Terrified children in cages. Black-clad ICE agents coldly patrolling the perimeter of the yard like medieval footmen guarding a castle. Parents weeping in fear for the safety of their flesh and blood, a sweat-drenched lot that awaits word of their ultimate fate here in the Land of the Free. Legions of tempest-tossed tired and poor, huddled in fear regarding the fate of themselves and their children while caged away in the Home of the Brave.
The pictures are inescapable. So too the commentary, with some pointing out the vast and inexcusable injustice being done to those who pose no threat and to whom the basic necessities of due process have been callously denied. They labor in restoring the humanity to a debate that sees precious little of it. However, the reasoned response of the humane finds itself being drown out on social media by the Law and Order crowd, demanding that the violent separation of children from their parents is the inevitable result of violating The Law, and that nobody, but nobody, should expect to escape the judgment of The Law, as The Law is immutable, sacrosanct, and final, the final moral judge of We the People, amen.
Try as I might, I can’t dredge up a more morally bankrupt and factually incorrect stance. Every business day in this country, in pillar-fronted government buildings in almost every state in the Union, The Law is removed from its place, examined, plucked apart, taped together, reapplied, misapplied, twisted, bent, and shaped in an almost infinite number of ways. From day to day, The Law changes in sometimes minute, sometimes large ways, shifting and rearranging from one moment to the next like waves on the ocean. Some changes are well-meaning, meant to right a wrong or end an injustice, while others are done to meet baser ends, but every change is subject to state-appointed or elected gatekeepers to who is given the awesome responsibility of applying morality and finding justice.

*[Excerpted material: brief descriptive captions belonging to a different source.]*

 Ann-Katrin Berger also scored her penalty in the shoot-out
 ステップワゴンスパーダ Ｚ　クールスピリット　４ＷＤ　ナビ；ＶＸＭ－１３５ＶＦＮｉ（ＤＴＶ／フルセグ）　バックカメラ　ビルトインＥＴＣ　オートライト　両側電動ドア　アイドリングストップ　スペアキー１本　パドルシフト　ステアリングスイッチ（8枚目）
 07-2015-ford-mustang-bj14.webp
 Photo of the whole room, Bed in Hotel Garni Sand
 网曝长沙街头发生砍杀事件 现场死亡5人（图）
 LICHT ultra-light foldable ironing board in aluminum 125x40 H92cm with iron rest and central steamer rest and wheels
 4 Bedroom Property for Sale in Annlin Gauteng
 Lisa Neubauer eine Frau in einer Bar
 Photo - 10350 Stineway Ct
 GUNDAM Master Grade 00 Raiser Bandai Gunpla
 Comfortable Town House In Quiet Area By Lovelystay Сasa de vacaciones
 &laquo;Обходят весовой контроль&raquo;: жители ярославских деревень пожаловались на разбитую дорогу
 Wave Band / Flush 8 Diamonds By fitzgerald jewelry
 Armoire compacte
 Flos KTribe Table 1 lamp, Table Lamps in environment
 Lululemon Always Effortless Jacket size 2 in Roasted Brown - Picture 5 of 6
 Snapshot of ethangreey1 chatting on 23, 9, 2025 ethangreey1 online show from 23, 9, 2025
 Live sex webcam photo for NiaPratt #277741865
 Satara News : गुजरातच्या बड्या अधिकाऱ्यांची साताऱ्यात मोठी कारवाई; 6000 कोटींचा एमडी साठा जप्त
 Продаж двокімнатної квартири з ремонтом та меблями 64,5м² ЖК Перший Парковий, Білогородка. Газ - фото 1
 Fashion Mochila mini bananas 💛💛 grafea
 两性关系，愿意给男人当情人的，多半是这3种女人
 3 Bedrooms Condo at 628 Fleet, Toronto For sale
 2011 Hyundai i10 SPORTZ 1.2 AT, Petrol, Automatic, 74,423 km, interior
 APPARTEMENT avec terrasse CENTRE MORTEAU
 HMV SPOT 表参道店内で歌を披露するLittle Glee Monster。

Gatekeepers like Robert Frederick Collins. Appointed by Jimmy Carter in 1978, Judge Collins served on the bench of the United States District Court for the Eastern District of Louisiana for over a dozen years until 1990, when he split a $100,000 bribe to lessen the sentence of a convicted smuggler. Himself weighed down by a five-year sentence in federal prison, Collins’s moral compass wasn’t repaired while in the state’s custody, as it took the threat of imminent impeachment to loosen the judgeship (and the $120,000 annual taxpayer-funded salary) from his grip more than two full years later. Clearly, only Collins knows for sure, but the prospect of continuing to bilk the American taxpayer out of six figures while getting three hots and a cot in Club Fed at the same time may have been what prompted his Cheshire Cat grin during his sentencing.
These gatekeepers can only deal with the laws before them, as they are to a great extent hemmed in by precedent and statute. The task of drafting, weighing, and approving statutes rest with the legislature, a body that, at least on the national level, enjoys a near-total disapproval rating but is staffed by people with positions that are theirs generally for as long as they wish to have them.
People like Louisiana Congressman William J. Jefferson. Seated in the Senate just as Collins was being sentenced in 1991, Jefferson triggered suspicion in 2005 when the FBI videotaped him accepting bags full of Benjamins for influencing the United States Army to test products made by iGate, his illicit benefactor. The FBI says that Jefferson also acted as a middleman between iGate and high-ups in the governments of Cameroon, Ghana, and Nigeria, where he was paid to convince them to test iGate’s products as well. Ultimately the FBI says Jefferson may have accepted up to $1 million in payment for using his elected position in the Senate for the naked influence of a commercial endeavor.
Of course, these two are just a few of a legion of examples of men and women who declare and define The Law. This space is entirely too limited to detail the cases of all those whose moral and ethical failings have been documented, and that rogues gallery is likely dwarfed by the legions of those whose moral lapses have never been documented and never will be.
But the inescapable point is that there is absolutely nothing sacrosanct about The Law. Citing The Law as the foundation of one’s morality is adopting the ethics and values of those who have all too often proven to have absolutely no qualms with cheating, lying, and stealing, and who have all too often legitimized such actions in The Law itself.
Further, as has been done so many times since this debate began, using The Law as a final redoubt to retreat to when all other rational, moral, and logical arguments are destroyed is the act of moral bankruptcy that has kicked off atrocities too numerous to name in human history. The Law has been wielded like a club by tyrants of all ages as a thought-terminating bludgeon to smash freedom with force gilded in legitimacy. Even if founded in the purest of motives, the morality of The Law is almost always ripped away from the body early on, leaving it standing naked and bold in its tyranny.
If there is any morality in law, it is only by the purest accident of coincidence, and no such happy accident is anywhere to be found in the regime of the United States immigration law. Defending the consequences of violating The Law as somehow morally permissible or justified is a dangerous and deadly undertaking, brazen and proud in its moral bankruptcy. Defending the caging of peaceful people and the sequestration of children from their non-violent parents with the crumpled fig leaf of The Law is an act of total moral divorce that free people must always condemn should they ever hope to see the buds of liberty blossom.